• **Work to be completed**:
Quote the lines below from the one containing "Скриншот The Amazing Spider-Man 2" to the final line, both ends included; exclude the pictures.

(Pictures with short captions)
###

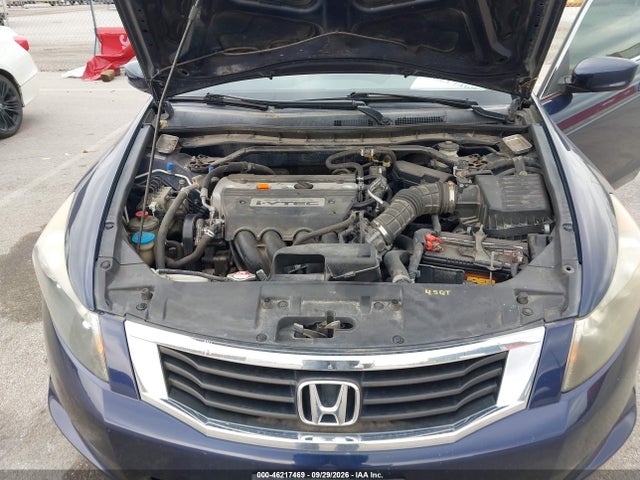 Aukcja sprzedaży 2009 Honda Accord 2.4 Ex, vin: 1HGCP26769A035188, numer aukcji: 46217469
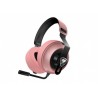 Cougar Audífonos Gamer Phontum Essential, Alámbrico, 1.9 Metros, 3.5mm, Rosa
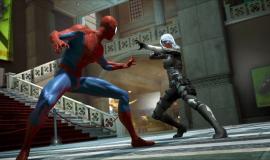 Скриншот The Amazing Spider-Man 2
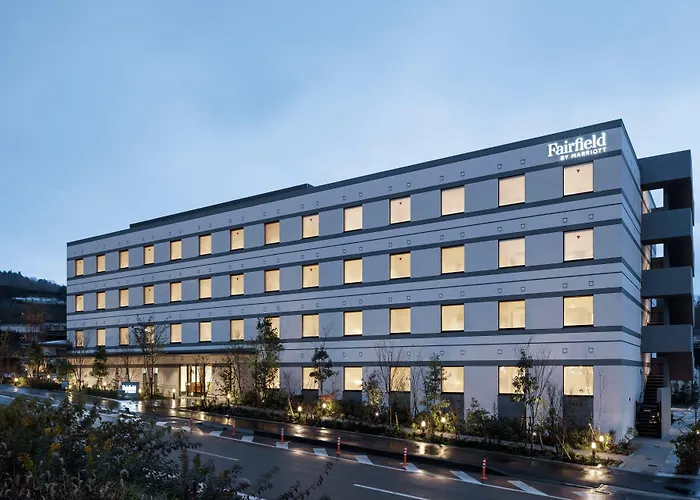 Fairfield By Marriott Hyogo Tajima Yabu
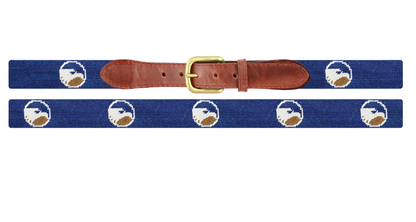 Georgia Southern University Needlepoint Belt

###

• **Task output**:
 Скриншот The Amazing Spider-Man 2
 Fairfield By Marriott Hyogo Tajima Yabu
 Georgia Southern University Needlepoint Belt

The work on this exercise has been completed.